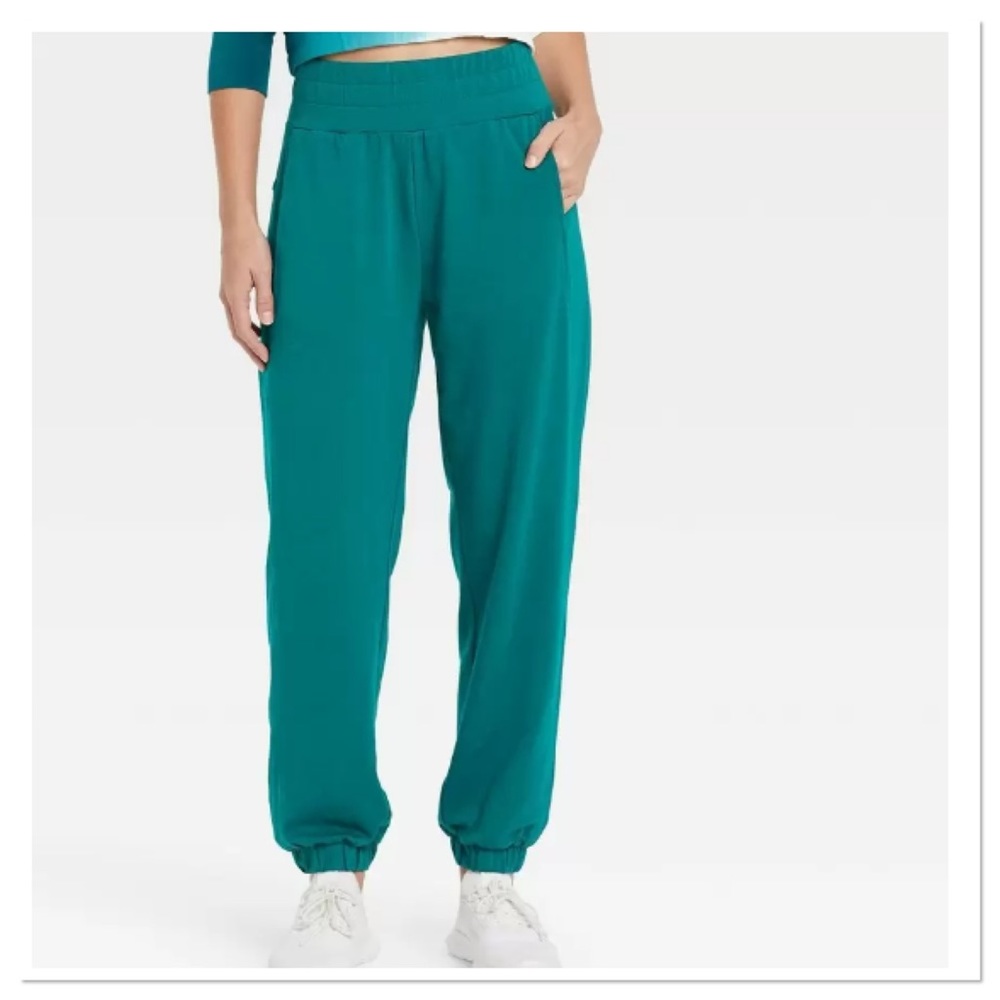 Women’s Mid-Rise French Terry Joggers Joylab NWT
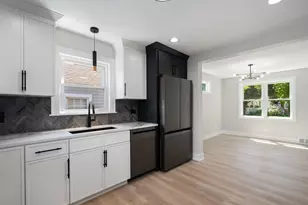 3836 W 110th Pl, Chicago, IL 60655 - Photo 11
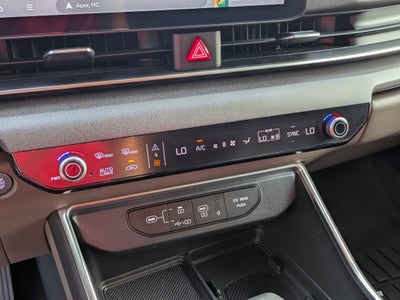 2025 Kia Carnival EX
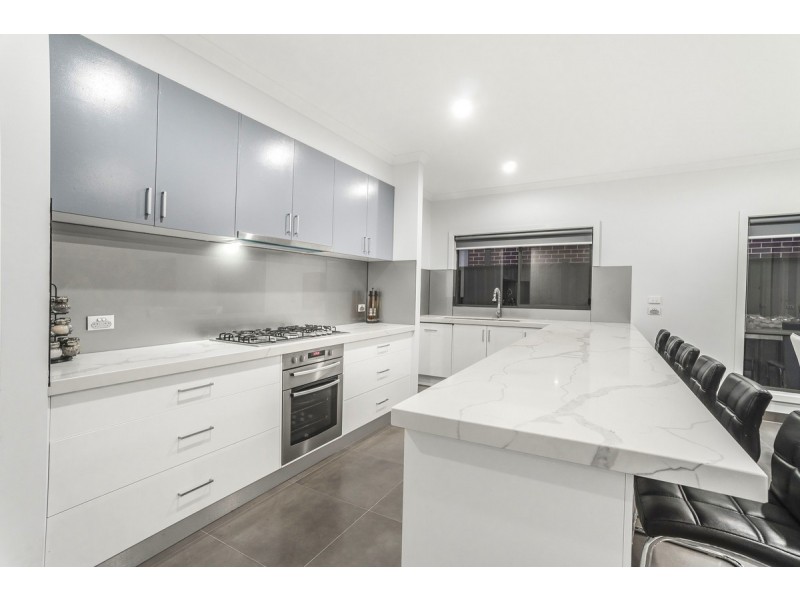 14 Bridgehaven Drive, Craigieburn VIC 3064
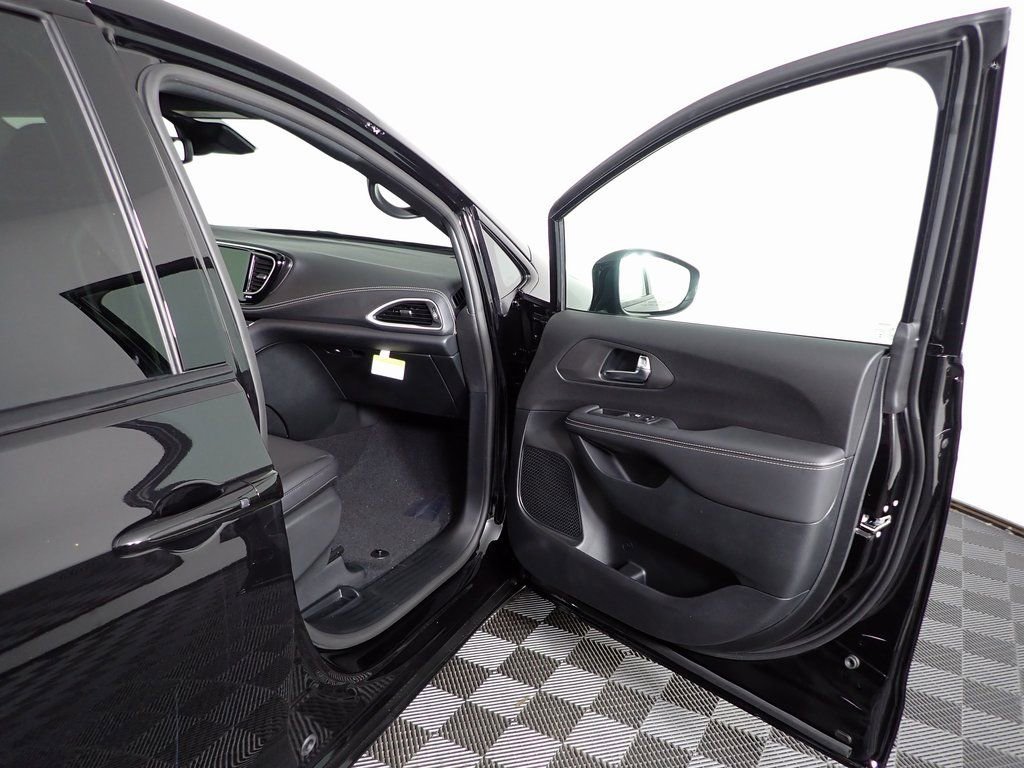 New 2026 Chrysler Pacifica Select w/ S Appearance Package image 28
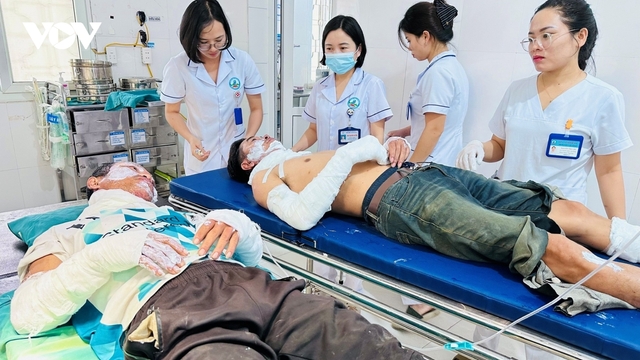 Dùng xăng chữa bỏng, hai người đàn ông phải nhập viện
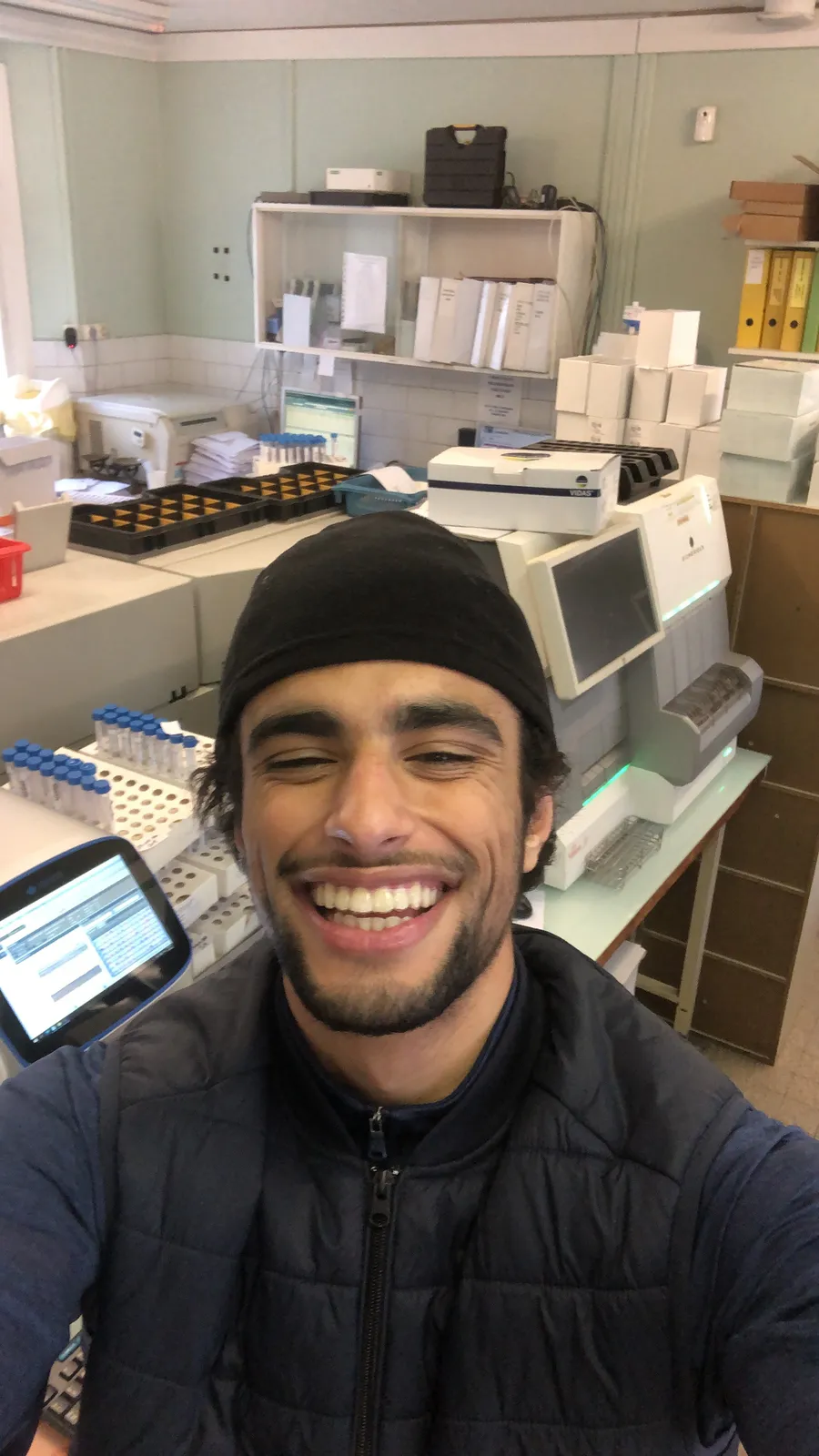 Un fondateur dans un laboratoire partenaire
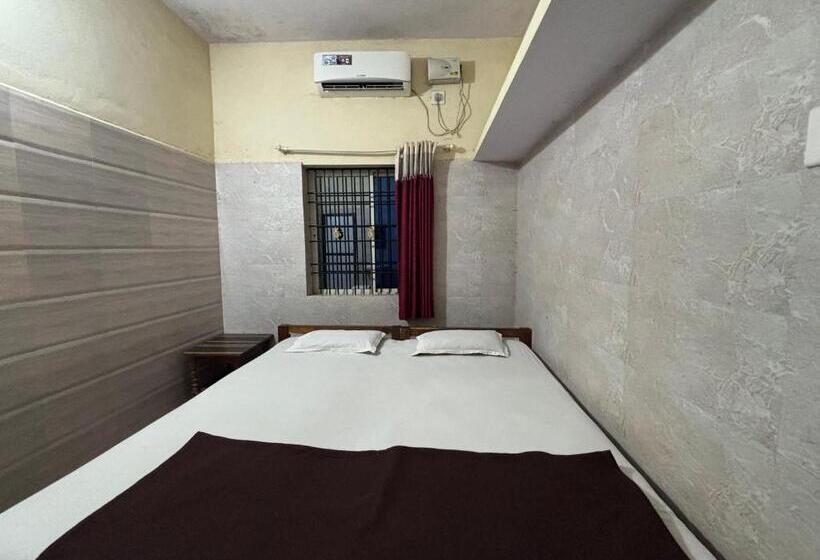 标准间, Staymaker Naik Residency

::::

__Task directions__: Please give an exact printout of all the records, pictures aside.

__Answer section__:
 Women’s Mid-Rise French Terry Joggers Joylab NWT
 3836 W 110th Pl, Chicago, IL 60655 - Photo 11
 2025 Kia Carnival EX
 14 Bridgehaven Drive, Craigieburn VIC 3064
 New 2026 Chrysler Pacifica Select w/ S Appearance Package image 28
 Dùng xăng chữa bỏng, hai người đàn ông phải nhập viện
 Un fondateur dans un laboratoire partenaire
 标准间, Staymaker Naik Residency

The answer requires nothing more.